ZThemes

Fillin’ the downtime.

Do you have any tips for “filler” scenes between plot points?
 Anonymous

Here’s the thing: If it’s ‘fill’ with no other purpose, it’s got no right to be in your story and you’re gonna cut it later. If you need time to arrange places and characters and let things stew in your head, go ahead and write the extra, and trim it as you revise. 

However, it sounds like you are having trouble getting the non-plot point stuff in place to begin with, so let’s work on stuff that you won’t need to cut later while we’re at it. 

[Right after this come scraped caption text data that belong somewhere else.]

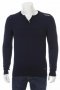 Мъжки пуловер "ANGELO LITRICO", снимка 1 - Пуловери - 24348194
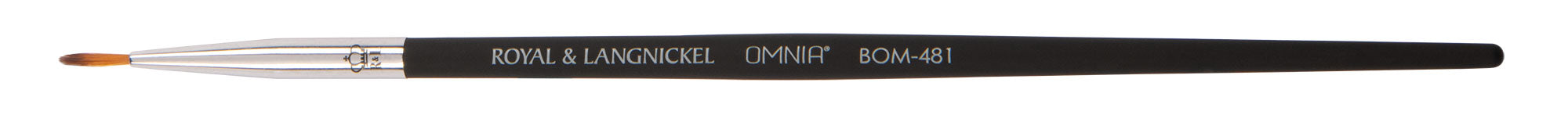 OMNIA® Professional BOM-481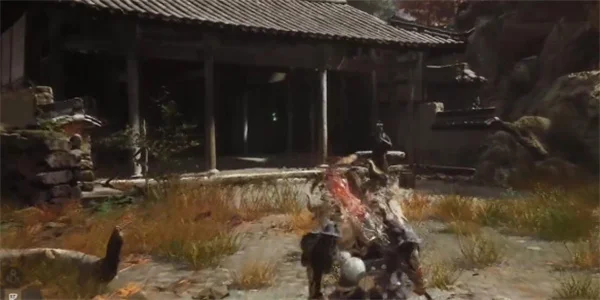 黑神话悟空武器降级材料返还介绍说明_DD220游戏联盟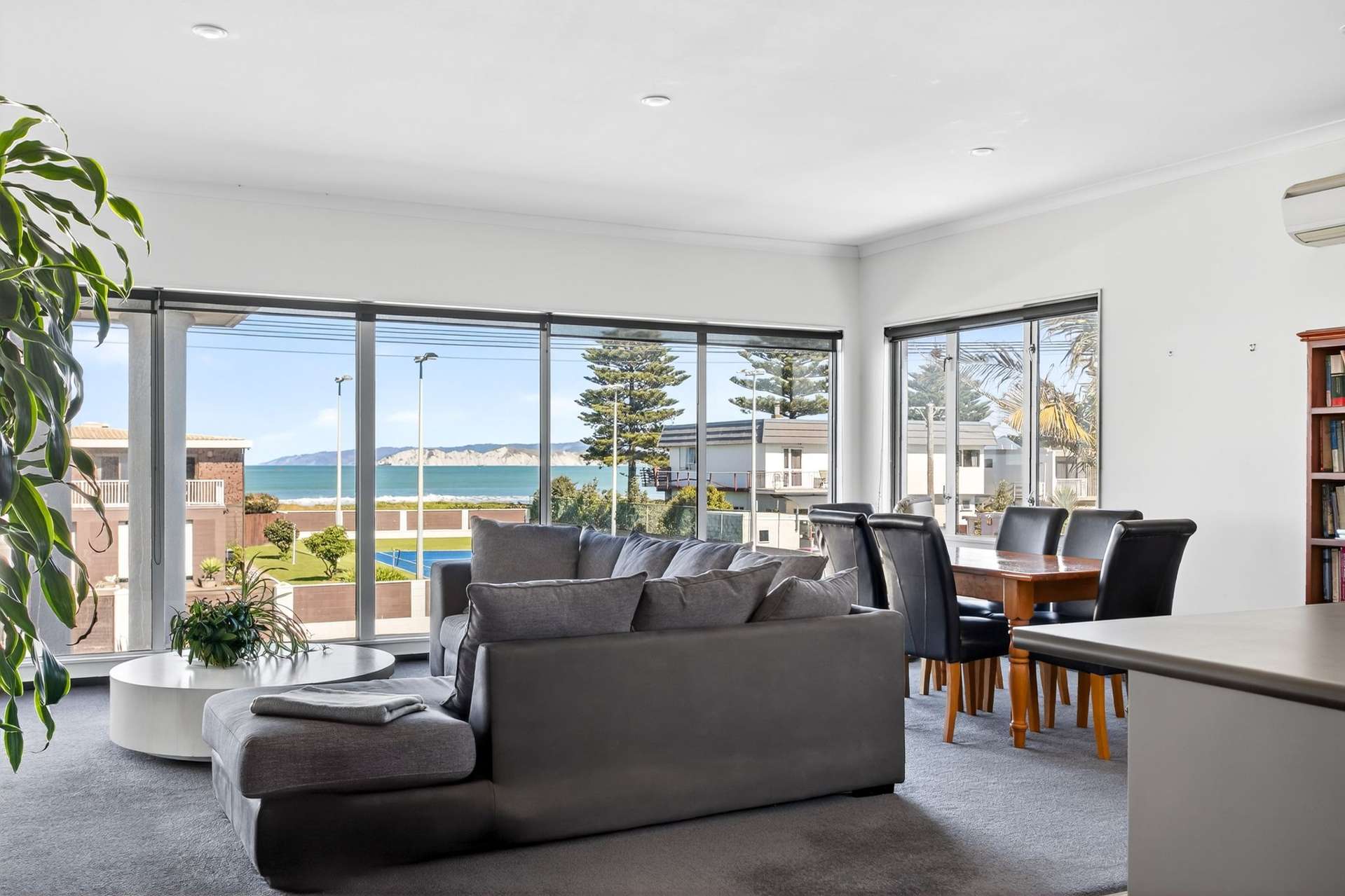 17A Salisbury Road Awapuni_0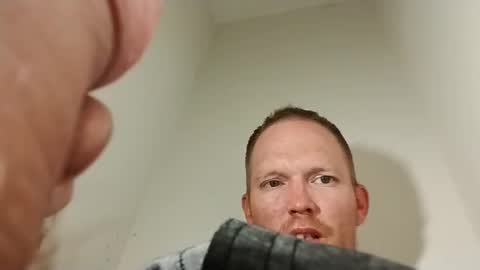 barniemay1 online show from November 26, 3:31 am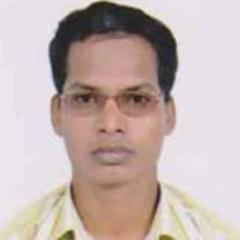 BalaramSwain's profile picture. I am working as a commie-2 in fortune hotel tirupati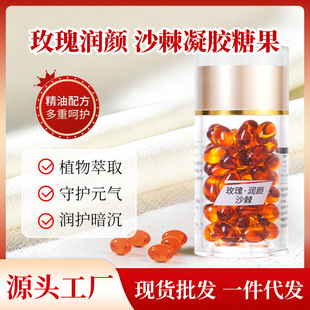 õ�坙�ɳ���z�����z�ǹ��ڷ�������T�ȷ������B��w���l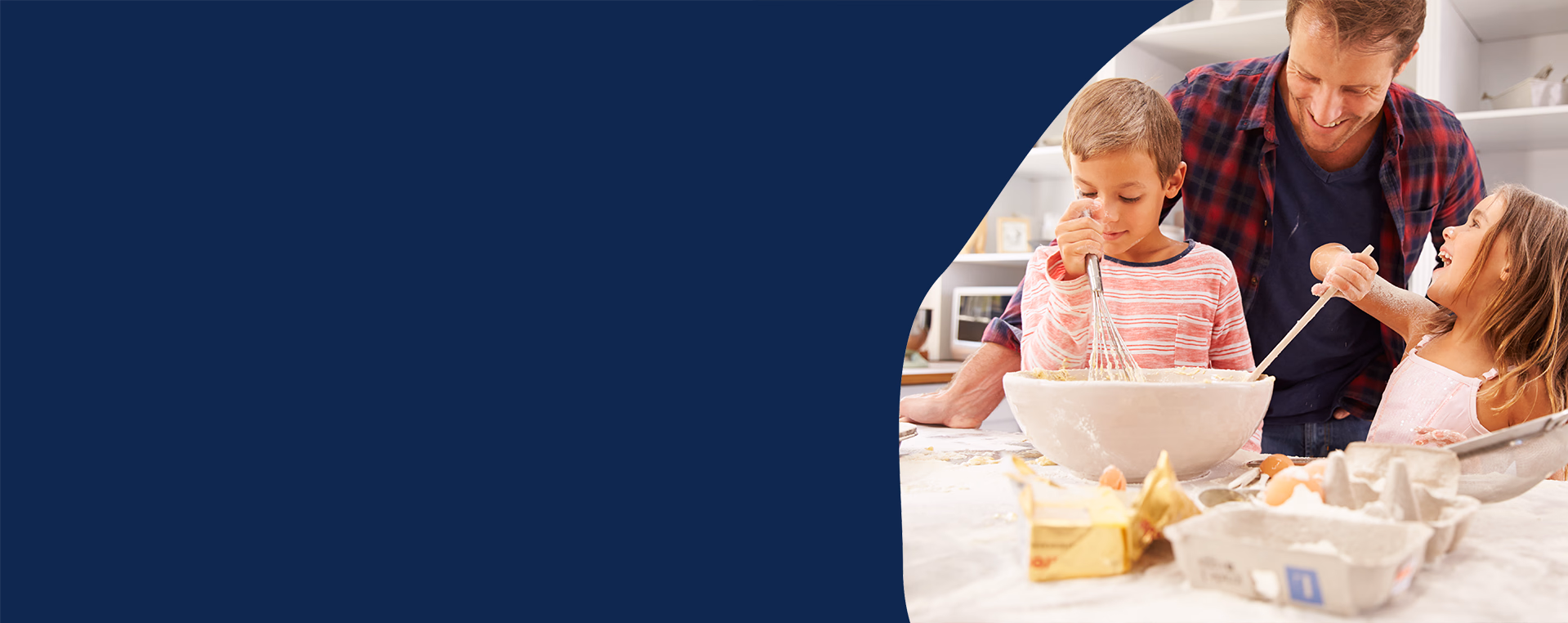 header boutique 2026 desktop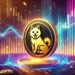 Here’s What’s Going On With The Shiba Inu Price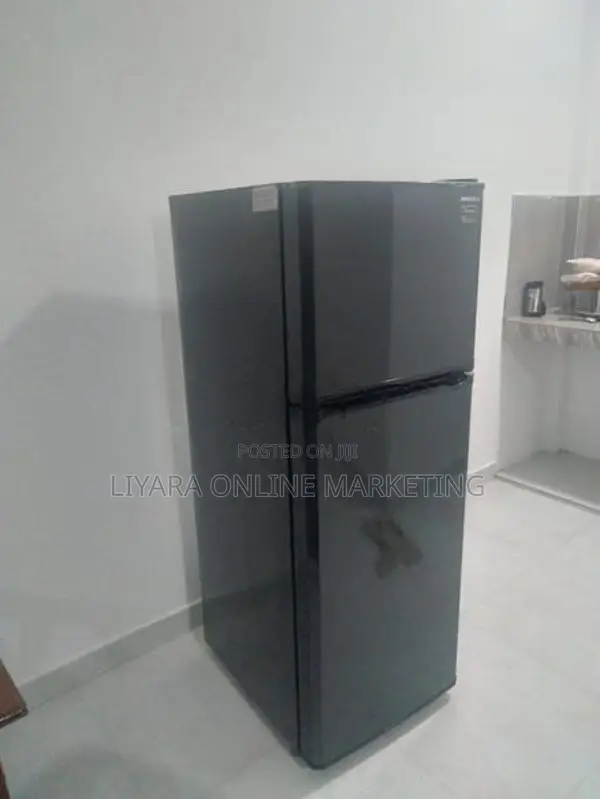 No Frost Refrigerator (INVERTER) – 250Ltr
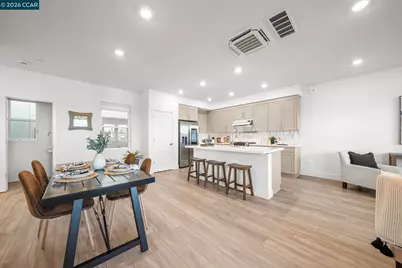 5400 Central Pkwy #E, Dublin, CA 94568 - Photo 18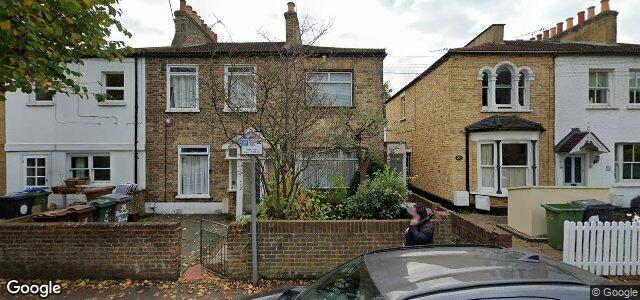 26 Pembroke Road（加拿大曼尼托巴省温尼伯市）房屋照片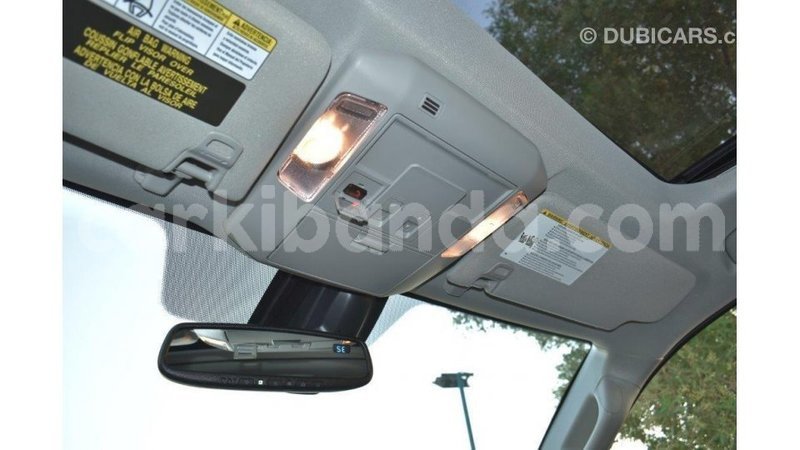 Big with watermark toyota tundra uganda import dubai 9952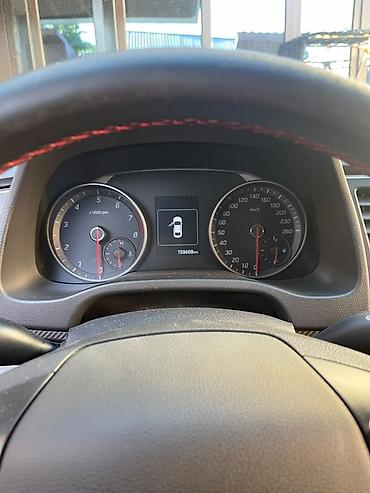 Продажа авто: Hyundai Avante: 2017 г., 1.6 л, Автомат, Бензин, Седан — 6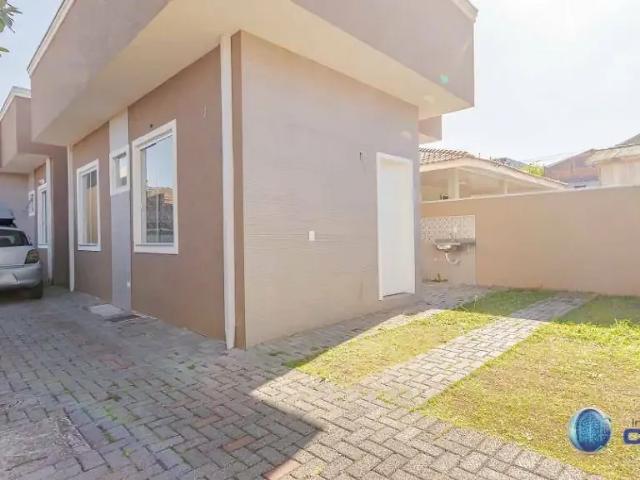 Casa venda em Região Geográfica Imediata de Curitiba, Região Metropolitana de Curitiba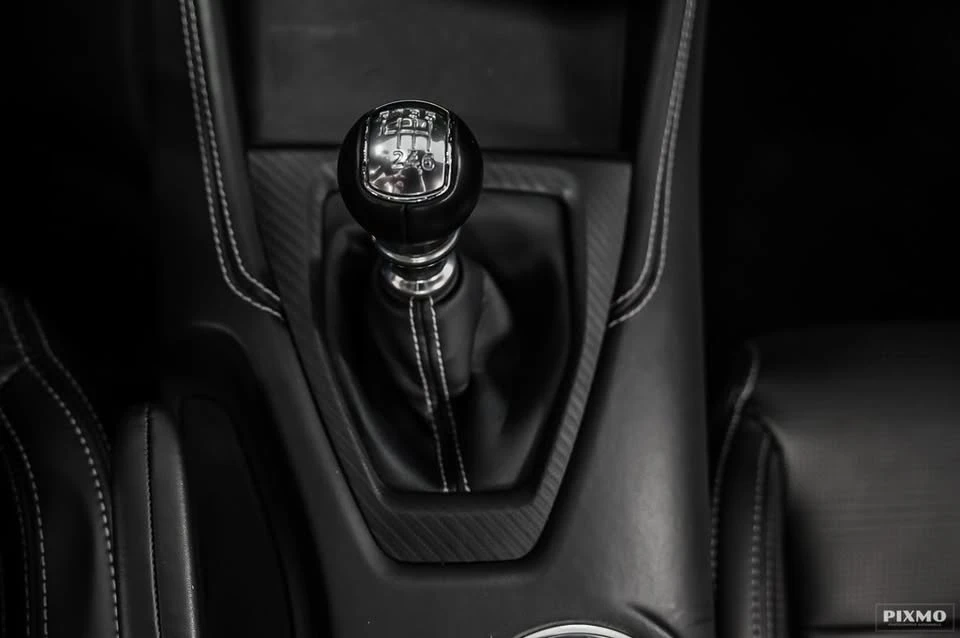 2025 Ford S650 Mustang - Image 16 of 16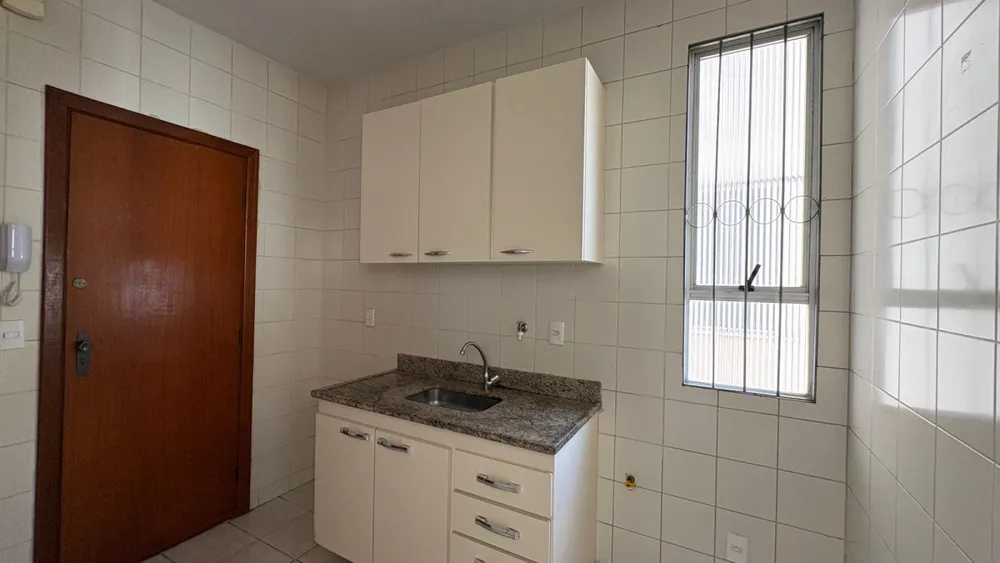 Apartamento, 3 quartos, 90 m² - Foto 4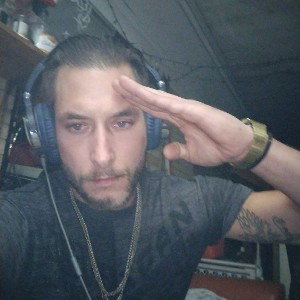 Rip WAsPY OG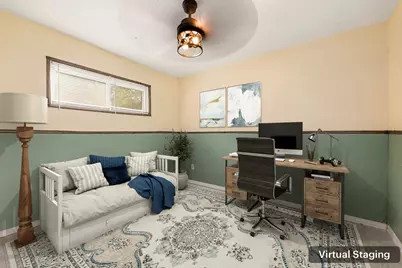 1805 Willow Street, Liberty, TX 77575 - Photo 13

‘Fill’ to me means ‘fluff’, ‘superfluous’- in other words, it has no point. 
Instead, let’s refer to the lulls between plot points as ‘downtime’. This means all the stuff that the characters are doing when they’re not fighting monsters/betraying each other/committing regicide. 
Before you write downtime, figure out what you want to convey to your audience with this scene- in other words, your point for having it in the story. You could show the relationship between two characters. You could foreshadow future action. You could show a change in behavior that is a result or lead up to a plot point (OUT, damn spot!).

Pick out something that you haven’t shown well or developed enough in your writing, or something that you can’t show as easily in the plot uptime. Then write a scene that’s got threads of that woven all through it.